Per le organizzazioni professionali agricole il problema mafia non esisteva. Coldiretti, Cia, Confagricoltura e il Distretto Agroalimentare del Metapontino sostenevano che i propri iscritti non riferivano nulla, dunque non doveva esserci nulla.
Gli unici che denunciammo l’avanzare della Mafia fummo io e Don Marcello Cozzi che intervenimmo più volte descrivendo particolari e illustrando i fatti.
Ricordo in particolare una frase che feci mettere a verbale denunciando l’assenza di indagini serie: “Se cerchi la Mafia nel Metapontino e in Basilicata come se la cercassi a Casal di Principe o a Corleone, allora due sono le possibilità: o non sai fare il tuo mestiere o non vuoi fare il tuo mestiere”.
Pagai caro quei passaggi. La dottoressa Gravina (Procuratrice della Repubblica di Matera) che io avevo avuto modo più volte di criticare, qualche mese dopo chiese il mio arresto dopo aver esibito alla Commissione Antimafia (dove fu costretta a recarsi per essere ascoltata a Roma) un dossier su di me accusandomi di essere un sovversivo e criminale.

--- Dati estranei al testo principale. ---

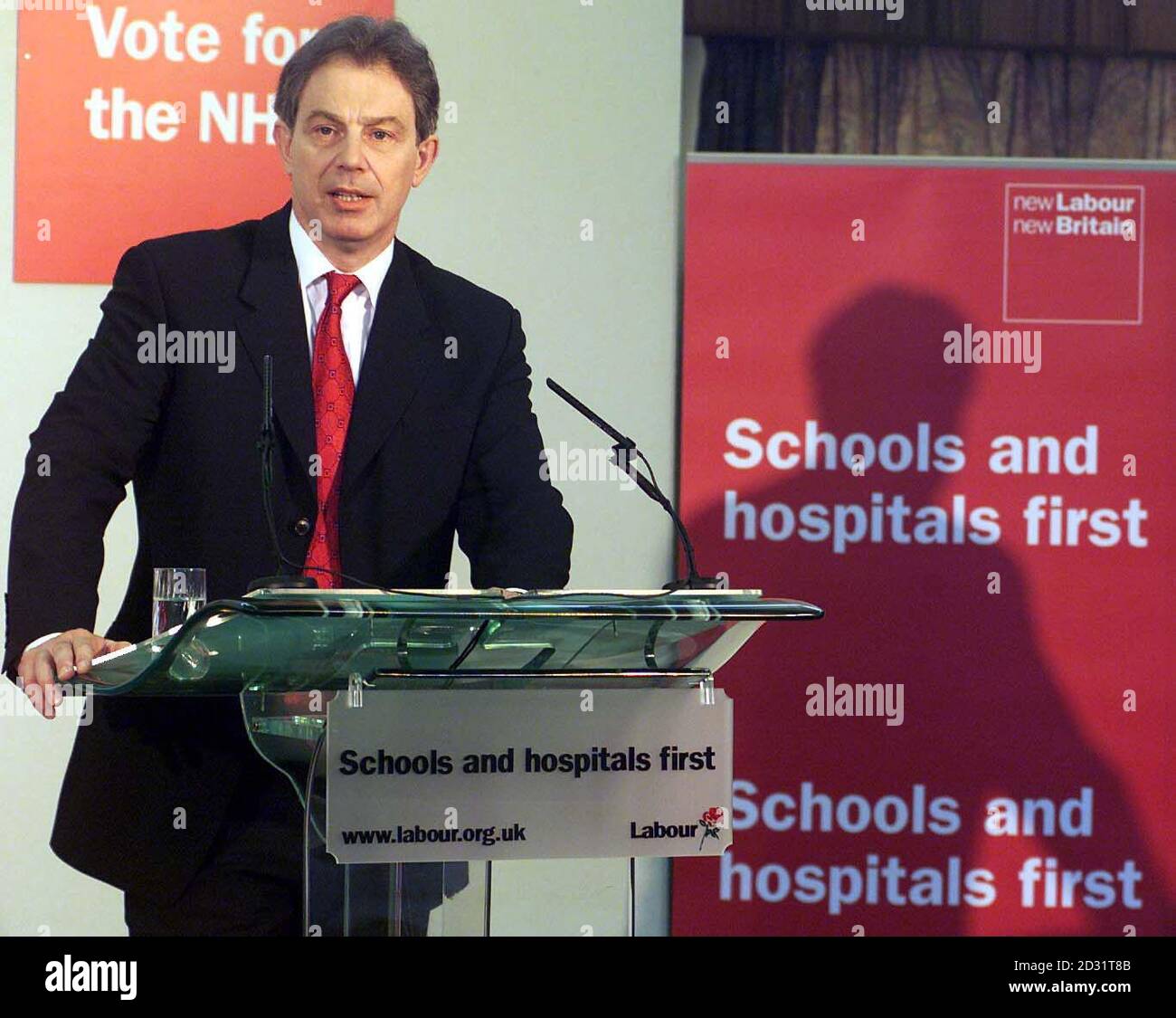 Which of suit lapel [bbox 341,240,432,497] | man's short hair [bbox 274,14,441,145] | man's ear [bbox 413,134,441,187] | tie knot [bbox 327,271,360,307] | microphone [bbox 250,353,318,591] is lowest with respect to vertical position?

Ma, col senno di poi ed alla luce di quanto sta accadendo con gli arresti nel Metapontino per Mafia, quattro anni dopo quelle denunce, è lecito chiedersi perché sia passato tutto questo tempo prima che la magistratura e le istituzioni intervenissero e, soprattutto, perché hanno negato prima con tanta arroganza il venire avanti del fenomeno e l’intreccio fra crisi economica e istituzionale e penetrazione della criminalità organizzata.